Not exactly an online exclusive today, since Raphael Saadiq’s third solo album has been out in the States since last autumn and has reaped plenty of Grammy noms and critical plaudits in the interim. Still, I guess late love is better than none at all, and “The Way I See It” is a lovely record....
Not exactly an online exclusive today, since Raphael Saadiq’s third solo album has been out in the States since last autumn and has reaped plenty of Grammy noms and critical plaudits in the interim. Still, I guess late love is better than none at all, and “The Way I See It” is a lovely record.
It fits, ostensibly, in the retro-soul scene that’s proved so lucrative for Amy Winehouse and so on over the past few years, and so critically viable for the likes of Eli ‘Paperboy’ Reed and Sharon Jones.
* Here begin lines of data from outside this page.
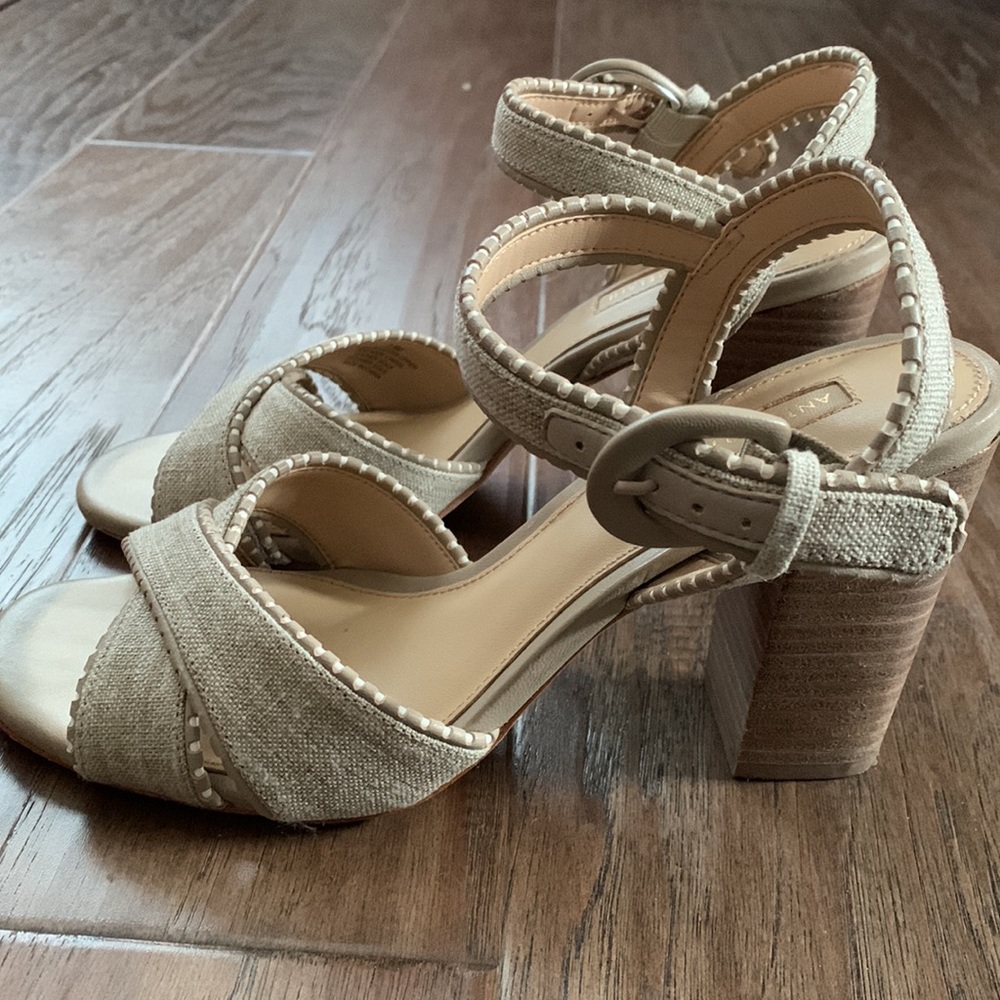 Antonio Melanie heeled sandals with white edging size 7.5
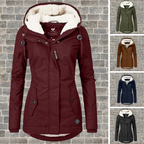 Women's Pleated Hooded Coat – Longline Button Pocket Winter Coat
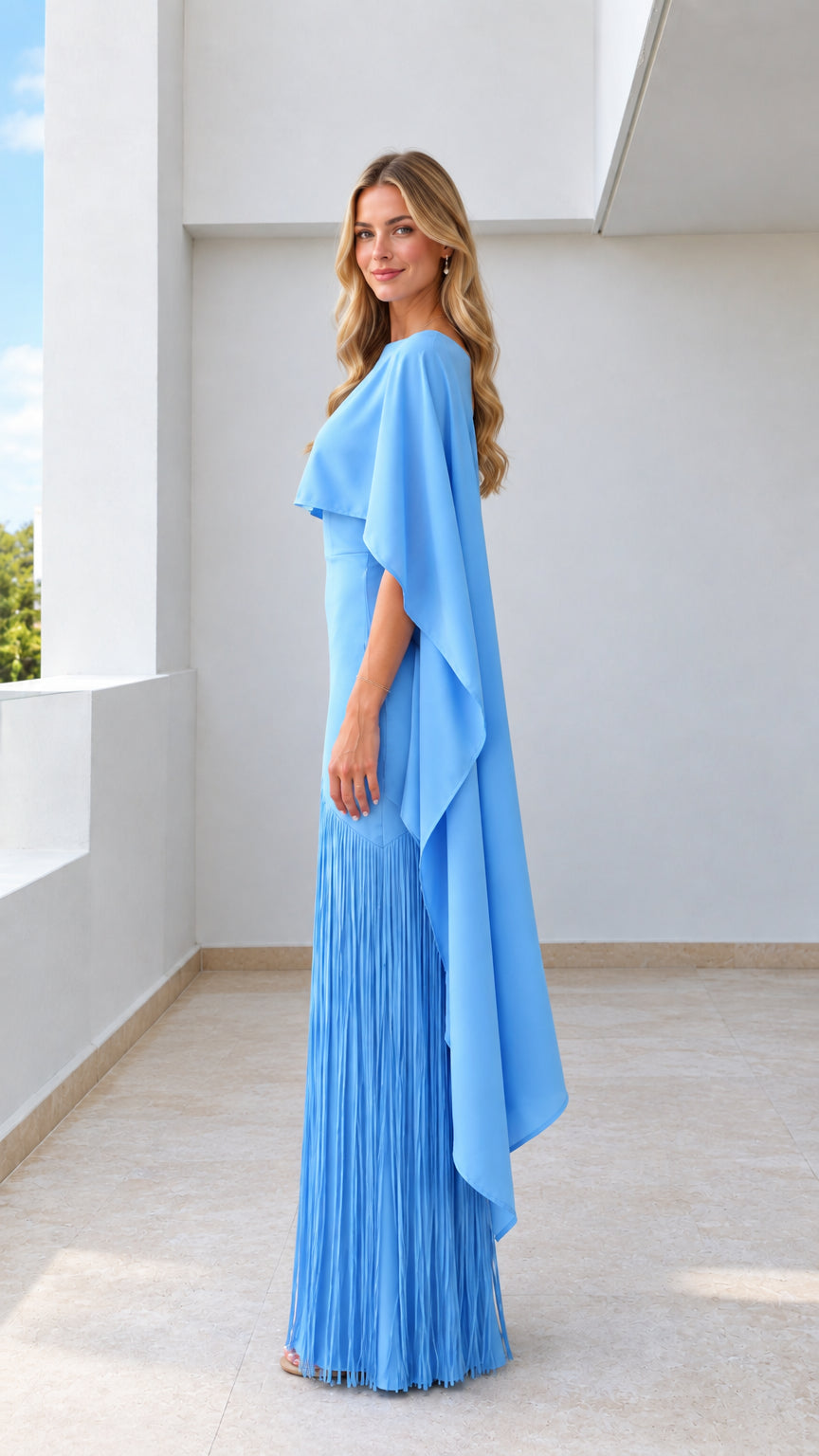 Sky blue capelet evening gown side profile view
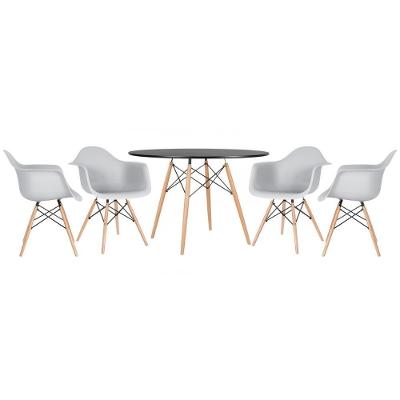 Kit - Mesa Eames 120 Cm Preto + 4 Cadeiras Eames Daw Cinza Claro Mesa Preto Com Cadeiras Cinza Claro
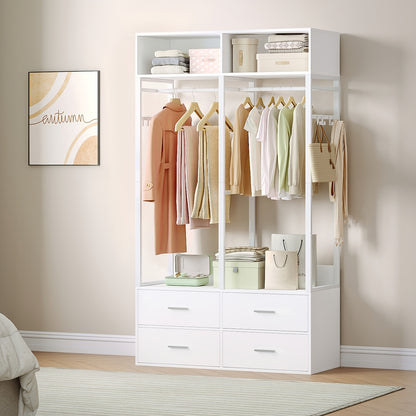 Kledingkast – Open Kledingkast – Garderobekast – Opbergkast – Kleerkast – MDF en Metaal – 4 Lades en 8 Haken – 185x100x43 cm – Wit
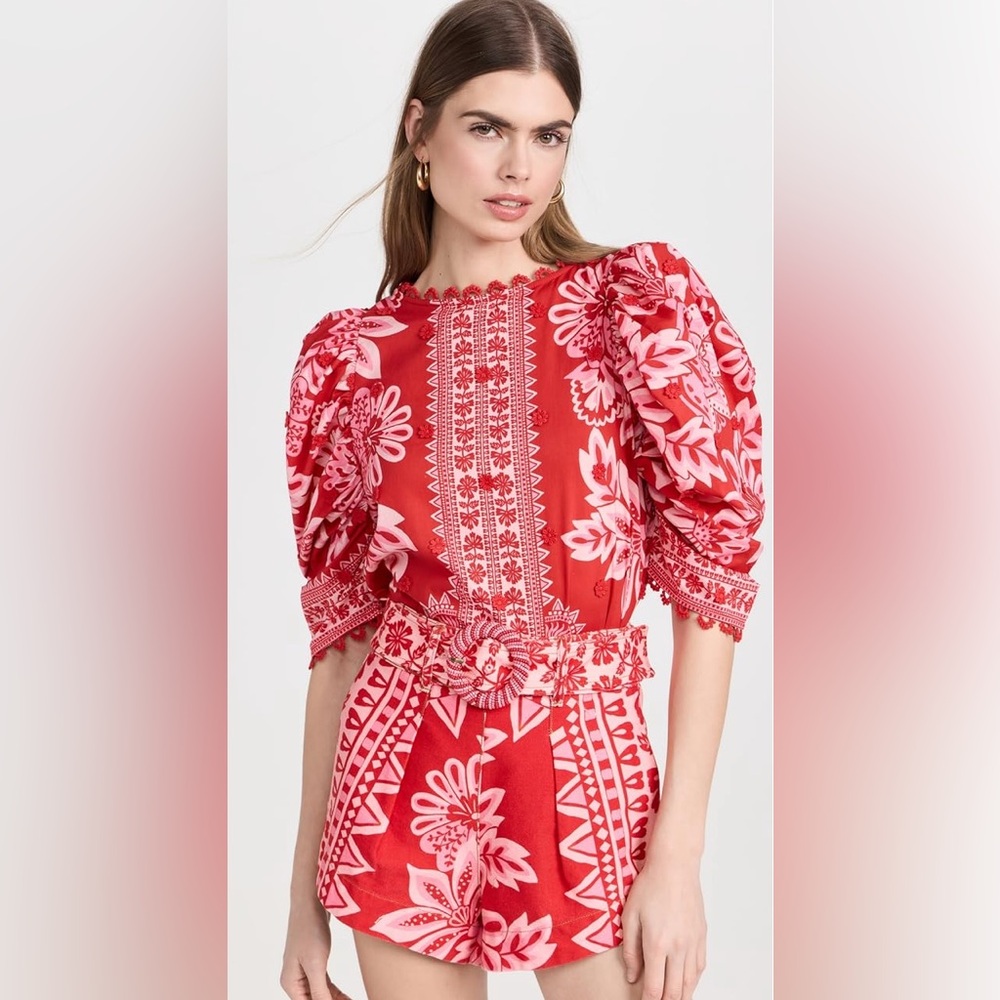 $185 MRSP | FARM Rio - Flora Tapestry Red Blouse | NWT | XS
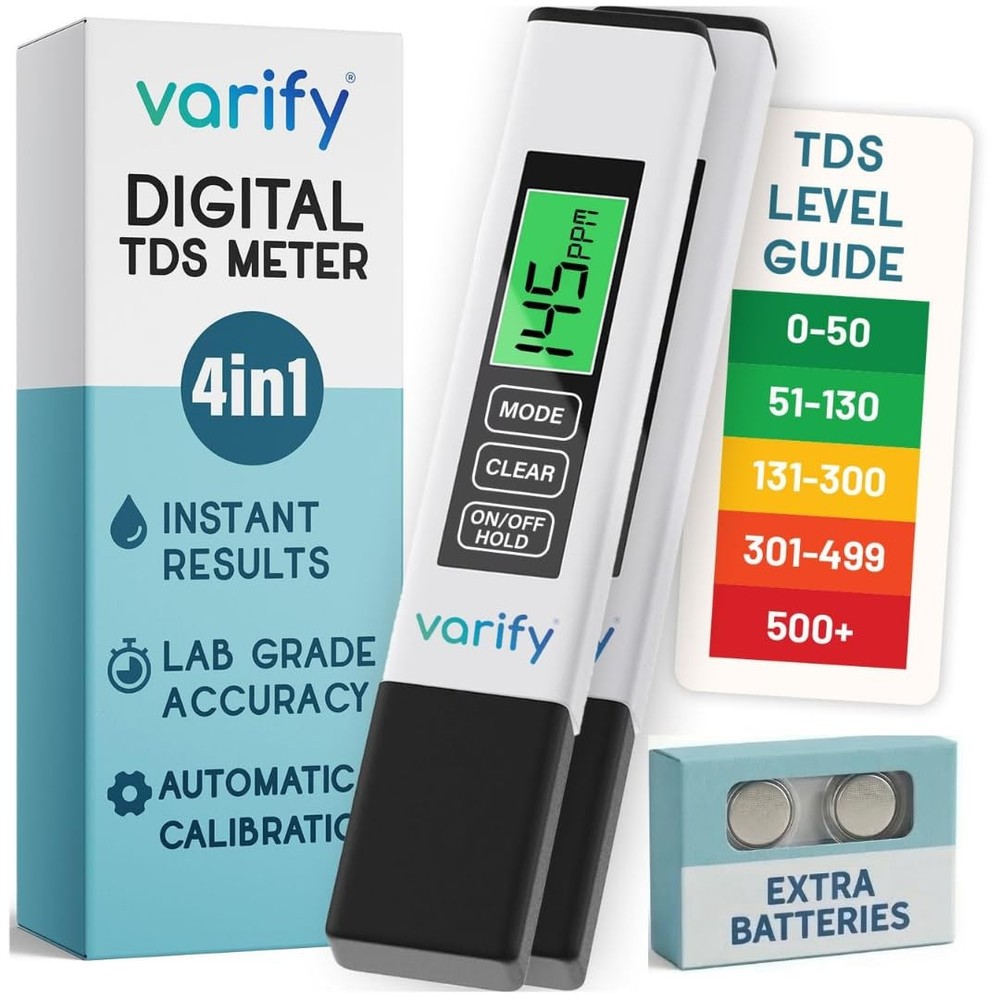 4-in-1 TDS Meter Digital Water Tester for Drinking Water | Accurate 0–9990 PPM..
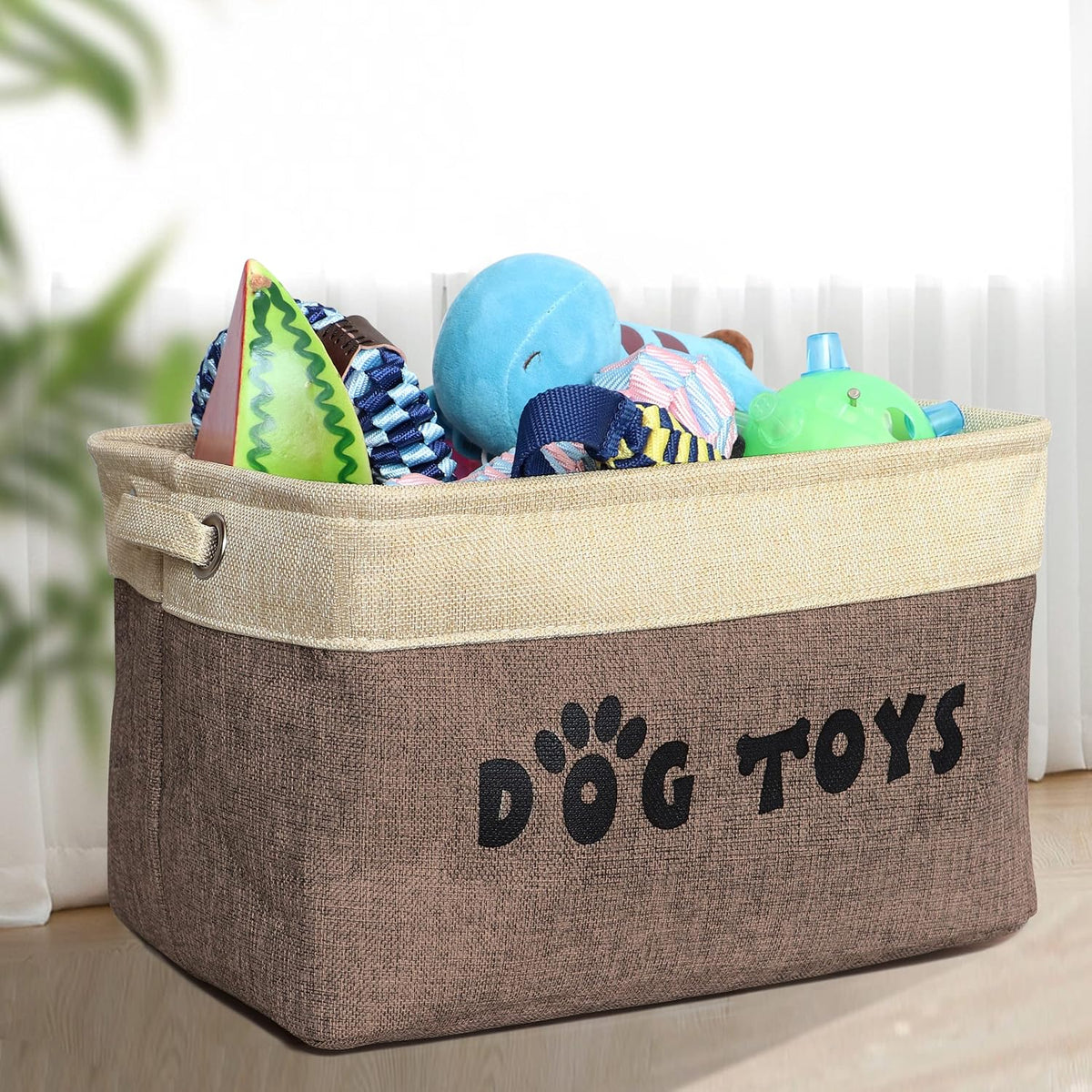 PET ARTIST Dog Toy Basket, Large Collapsible, Brown-1, M: 15"x11"x9"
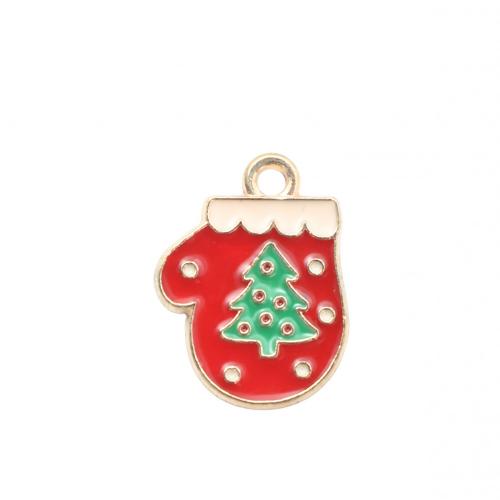 Pendentifs Noël en alliage de zinc, gant de noël, Placage de couleur d'or, DIY & émail, 19.20x14.30x1.20mm, Vendu par PC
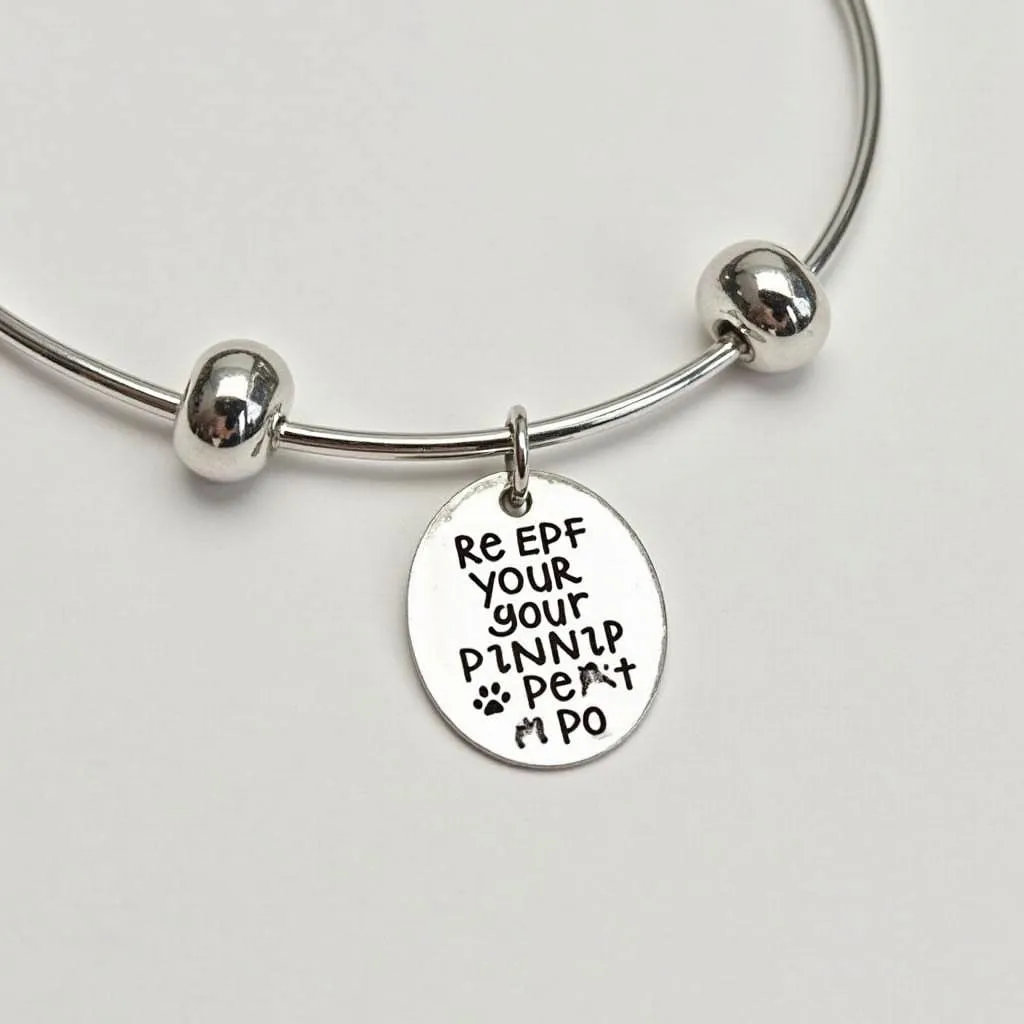 Personalized dog paw charm bracelet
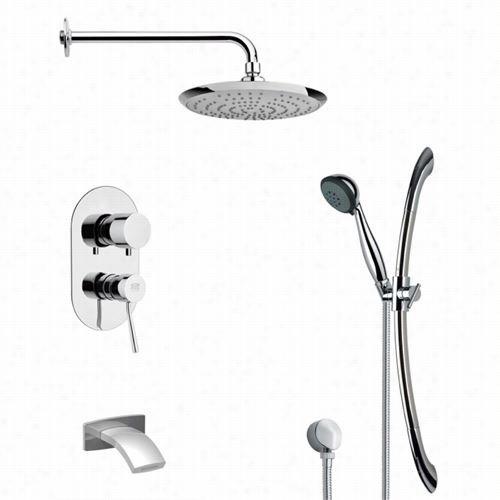 Remer Through  Nameek's Tsr9161 Galiano Rround Tub And Rain Shower Faucet In Chrome With Handheld Shower And 4""w Handheld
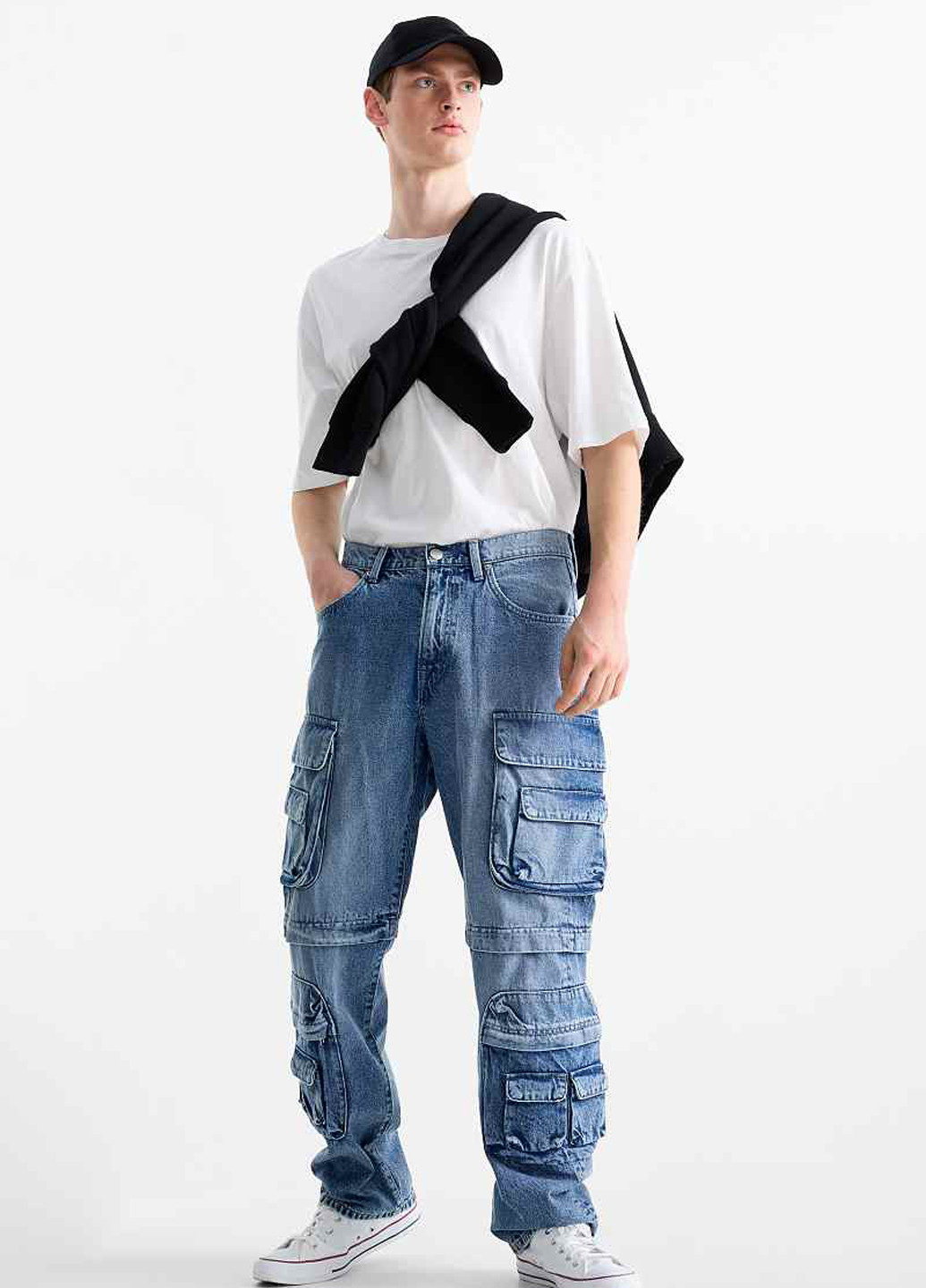 Синие демисезонные карго джинсы C&A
Saadiq, though, doesn’t seem like those last two to be conducting some kind of tiresome Luddite war on contemporary R&B. Instead, he’s a canny operator who’s been at the heart of some great records over the past decade or so (notably the first clutch of Lucy Pearl singles and D’Angelo’s peerless “Voodoo”), and someone who understands that he can be most effective by working within the R&B/hip hop mainstream rather than railing against it.
Consequently, “The Way I See It” is a swish, impeccably dated record, steeped in vintage Motown, that has room for a Jay-Z cameo as well as one by Stevie Wonder (playing his usual harmonica solo, and prefaced here by some grandstanding from Saadiq that’s so gracious and excited it could be Barack Obama).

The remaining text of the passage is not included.